Published on September 6, 2008 by William Todd Schultz, Ph.D. in Genius and Madness, in Psychology Today
A few years ago I was standing on the deck of a beach house on the 4th of July and a person who had obviously drunk too much told me, “The secret of my life is that I always need someone to hate.”
I was reminded of this exchange while watching the stupendously ruthless Republican National Convention over the last several days. Is there anything that conservatives do not hate? Maybe drilling. In fact, they appear utterly phallically obsessed with drilling (a practice that, in about 10 years or so, might reduce gas prices by 2 or 3 cents per gallon). But otherwise, what we learned from the recent hatefest is that Republicans hate community organizers, liberals (surprise!), Madonna, the “east coast elite,” the “angry left” media, trial lawyers, people who are too smart, people who are “cosmopolitan”—the list goes on into eternity.
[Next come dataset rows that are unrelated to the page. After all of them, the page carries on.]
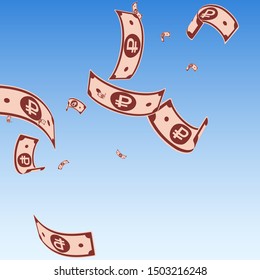 Russian ruble notes falling. Random RUB bills on blue sky background. Russia money. Bewitching vector illustration. Superb jackpot, wealth or success concept.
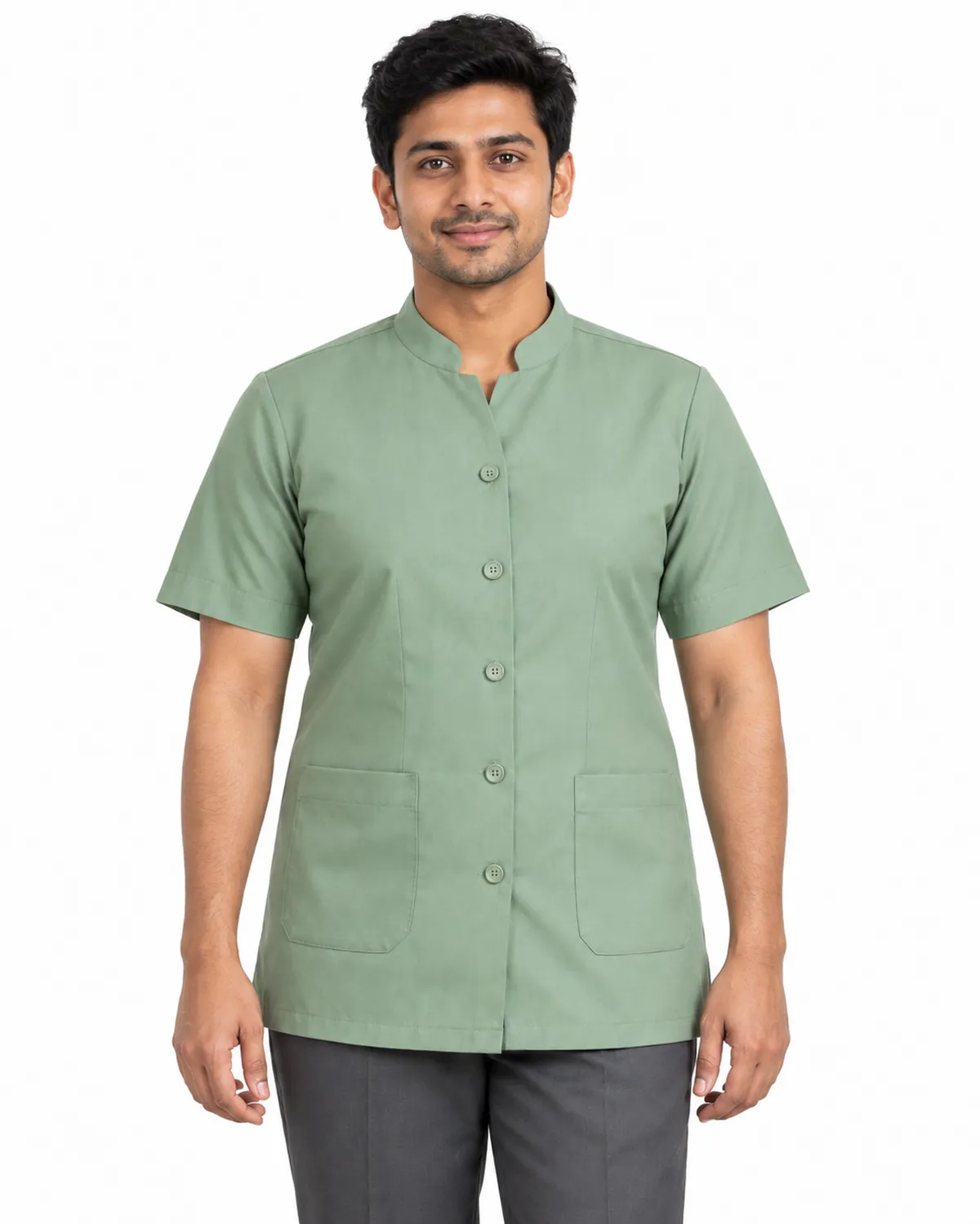 Housekeeping Tunic uniform, Sage Green, men's front view, Cohorg
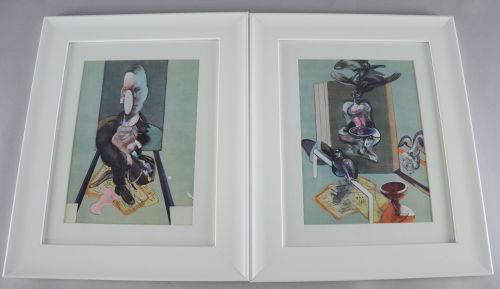 Two Francis Bacon lithographs, framed, each 11 x 8in.: Two Francis Bacon lithographs, framed, each 11 x 8in. (28 x 20cm)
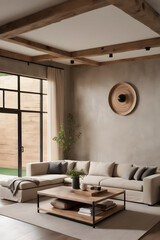 Interior design of a modern living room in Japanese style. Corner sofa made of beige fabric with a coffee table made of barn wood.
Listening to this litany on Wednesday night in particular reminded me of a research article that came out roughly 5 years ago on political conservatism and motivated social cognition (Jost, Glaser, Kruglanski & Sulloway, “Political Conservatism as Motivated Social Cognition,” Psychological Bulletin). In a nutshell, the article—by Stanford and UC Berkeley researchers—seems to suggest that conservatism is a mild form of insanity.